Stephen John Rayner, 66, died in a fire at Woolston, Christchurch in July 2016. Photo / File

A woman didn't tell firefighters that her lover lived inside a burning building because she didn't want her mother-in-law to know.

A day after the July 2016 fire at a dilapidated flat that had been converted from a former Christchurch ice-cream cone factory, the body of 66-year-old Stephen John Rayner was found.

Tanya Brazukas, a coroner later discovered, had been in a secret relationship with Rayner and had been living in the Rutherford St, Woolston flat for nearly two months. She had been seeing him regularly at the flat but also living with her mother-in-law in the main residential area at the front of the property.

"She said she did not tell her mother-in-law […] about the relationship with Mr Rayner or the fact that he was living in the flat because, at the time, she (Ms T Brazukas) was still married to Ms [Gail] Brazukas' son," a coroner's report released this month says.

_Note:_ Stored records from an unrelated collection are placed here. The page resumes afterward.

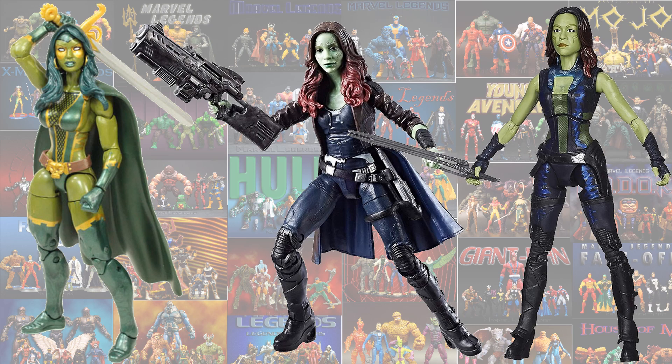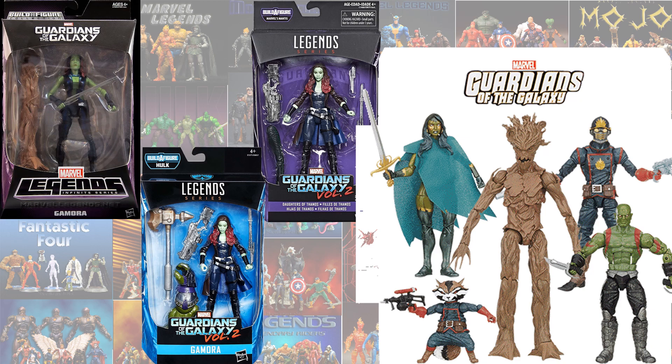Here's all three of the Gamoras that they've made so far, shown loose so you can compare them all. And here they all are in package.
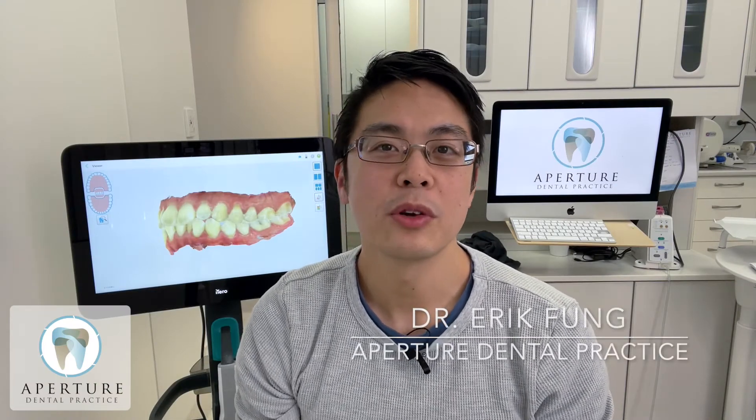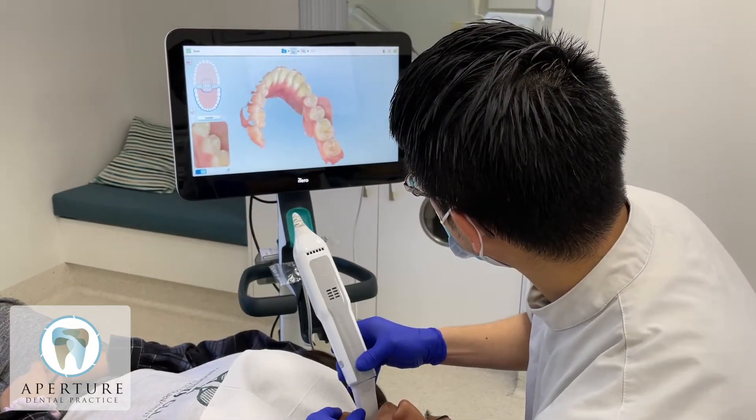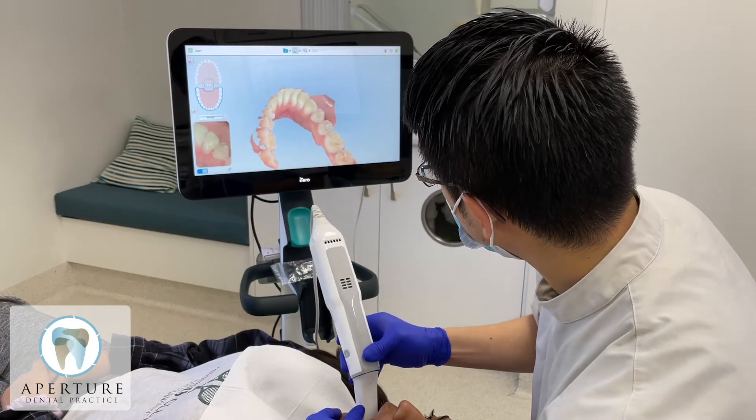Hi everyone, I'm Dr. Eric from Apegy Dental Practice. Today I'll be talking to you about how the iTero scanner helps seamlessly get your Invisalign treatment started. The iTero scanner is integrated into Invisalign because they are both designed by the same company called Align Tech, so they work very well together.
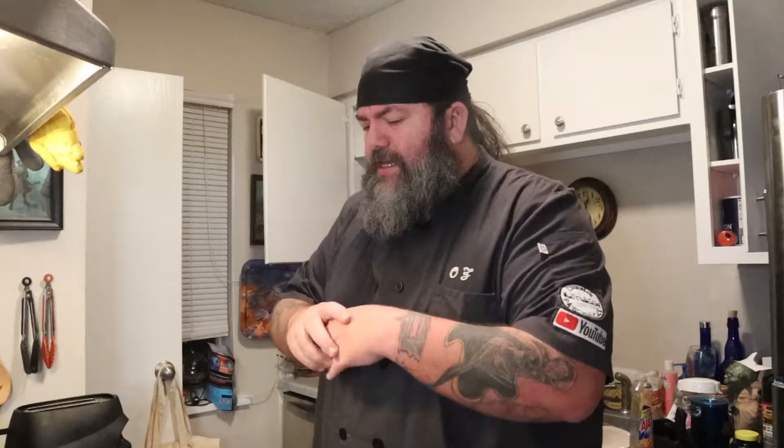Hey everybody, welcome back to Living Between Paychecks Kitchen. I'm Oz, and we're going to try something different. I've been staying away from everybody, so I've been able to cook a lot of other stuff because Jack and Leonard are still at home because of COVID. So I'm doing this in my kitchen again, in my apartment. I've done a lot of stuff I wanted to try but knew nobody else would really eat or like. So this is one of those recipes I want to try — this broccoli soup.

A police investigation into Rayner's death concluded no foul play and Coroner Anna Tutton now concluded that he died from the effects of fire after taking multiple sedative prescription drugs.

The fire broke out early on July 27, 2016, with emergency services getting the first call at 6.10am.

Two members of the public broke into the house and roused Tanya and Gail Brazukas who she lived with in the front of the large property.

"Both occupants advised that no one else was in or on the property," the coroner's report says.

Firefighters put out the blaze but it wasn't until the following day when dampening down the scene that they found Rayner's remains.

When spoken to by Police initially, Tanya Brazukas lied about her relationship with Rayner and did not tell them she had been living at the flat or that she had been there with him on the evening of the fire.

The coroner's report says that Rayner had made a bed out of cushions in the locker room of the flat.

He used candles and a gas cooker and had recently told Brazukas that he had accidentally set himself on fire with the cooker.

The night before his death, the pair were at Woolston Tavern and, just before they left, Rayner took "about five little pills", which she believed to be halcion (triazolam) tablets.

When they got back to the flat, they had a couple of drinks and smoked together.

They used a candle for light and the gas cooker for warmth.

The two arranged to meet up the following morning and, when Brazukas left about 9pm, Rayner was in his bed, with the candle and cooker going.

Several witnesses reported to police that, at the time of the fire, they heard a male voice calling for help. The voice appeared to be coming from the rear of the property, then stopped.

Brazukas told police that, when she and her mother-in-law were "being rushed out of the house" at the time of the fire, someone asked whether there was anyone in the house and she said there was someone at the back, but she didn't think anyone heard her.

She said that once she got outside and saw that the flat "was gone", she knew no one could survive the fire.

She said she hoped Rayner had made it out, and she knew that no one would be able to check whether or not he was in there.

A fire investigator identified a number of possible causes, including that had been "deliberately lit by persons unknown"; accidental fire caused by smoking products, candle or gas cooker; or caused by the make-shift electrical supply.